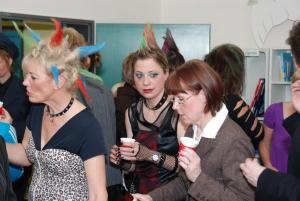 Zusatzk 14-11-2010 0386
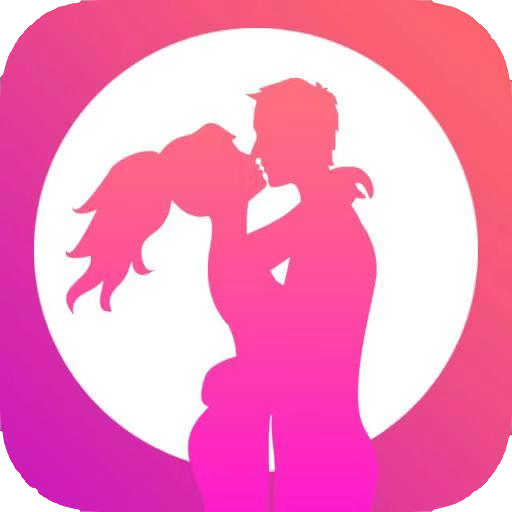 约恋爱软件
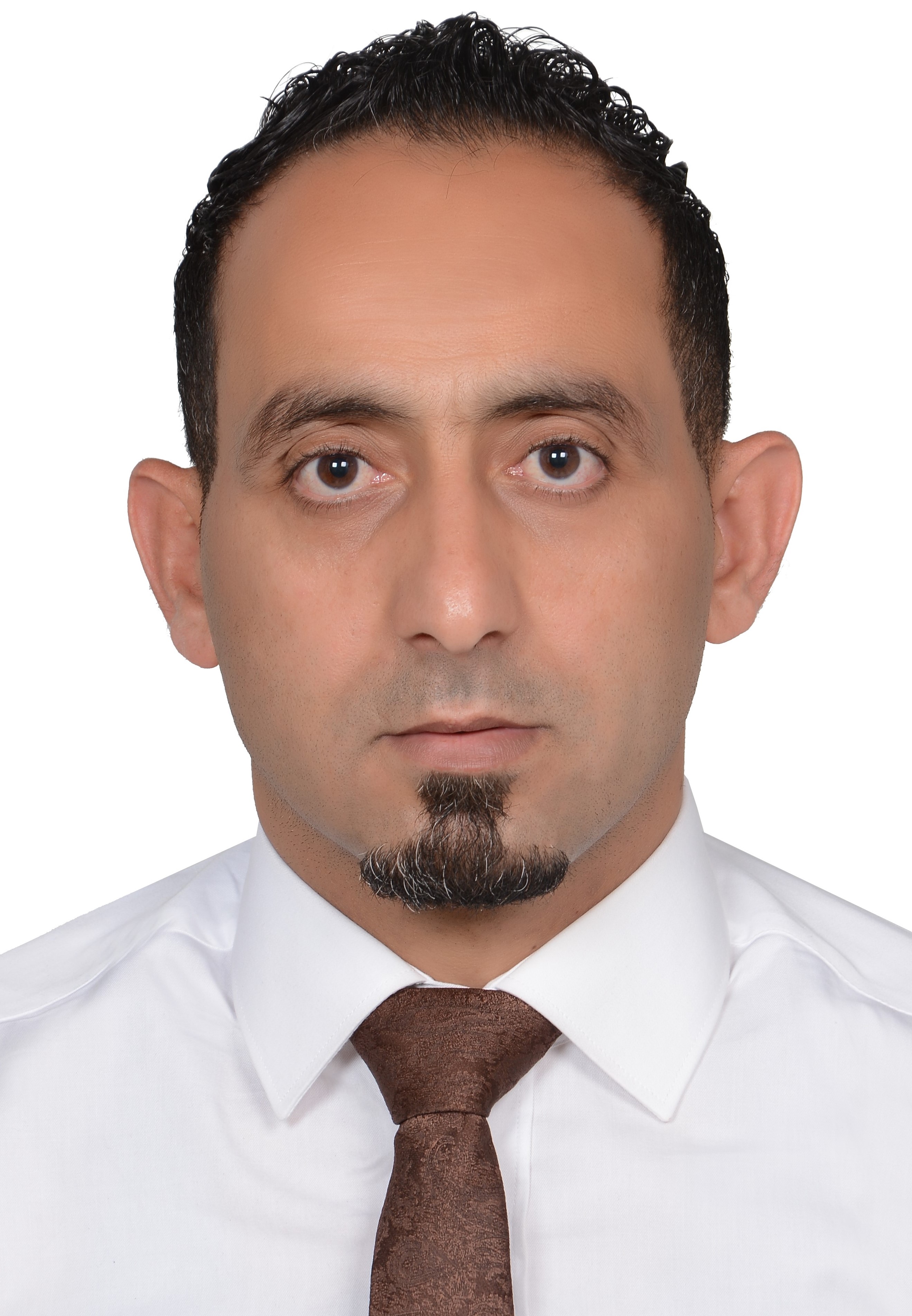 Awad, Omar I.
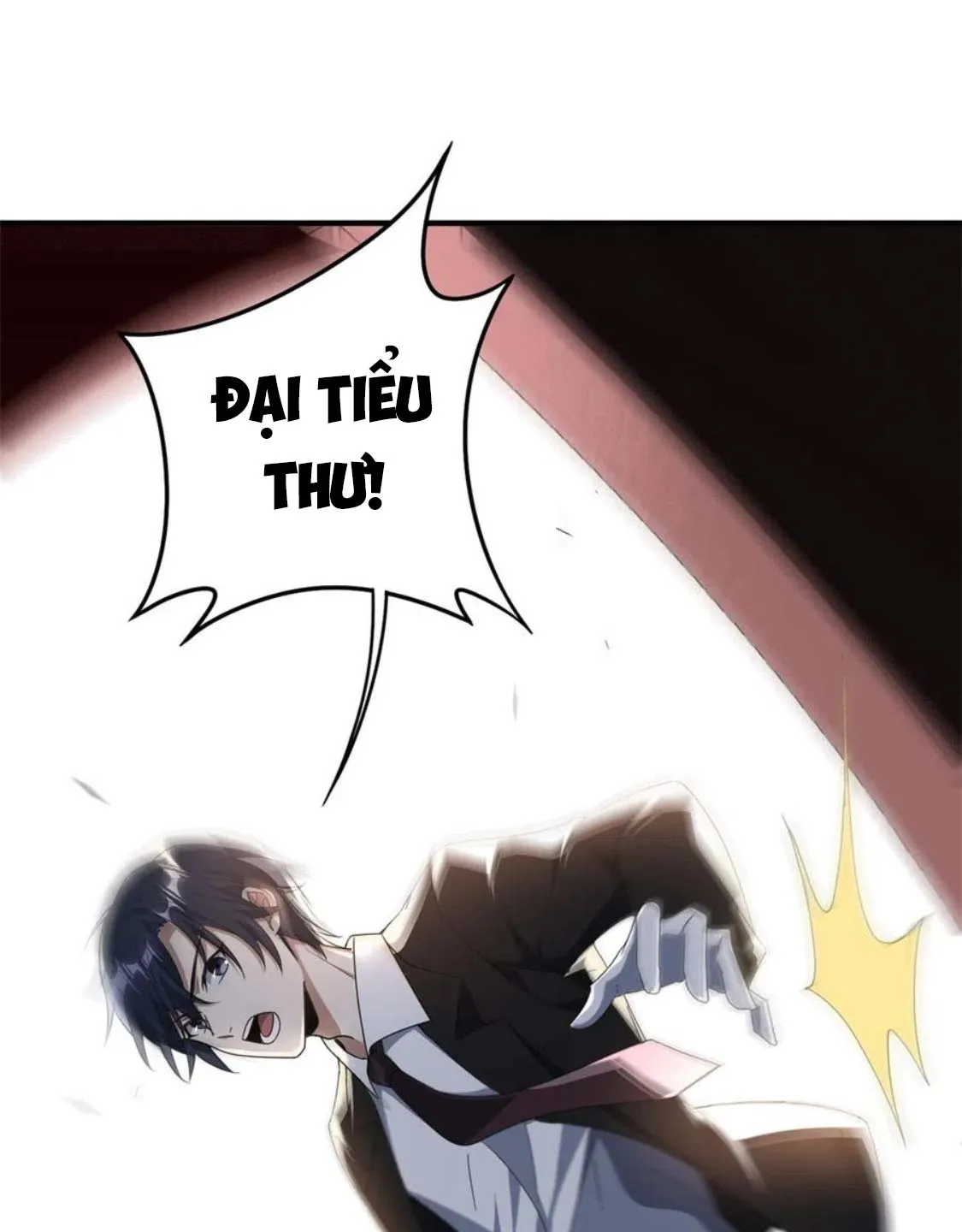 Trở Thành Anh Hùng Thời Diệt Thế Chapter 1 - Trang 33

- - - -

▶ [Activity]: All of the material shown above needs to be duplicated exactly. Omit every picture.

▶ [Answer box]:
 Zusatzk 14-11-2010 0386
 约恋爱软件
 Awad, Omar I.
 Trở Thành Anh Hùng Thời Diệt Thế Chapter 1 - Trang 33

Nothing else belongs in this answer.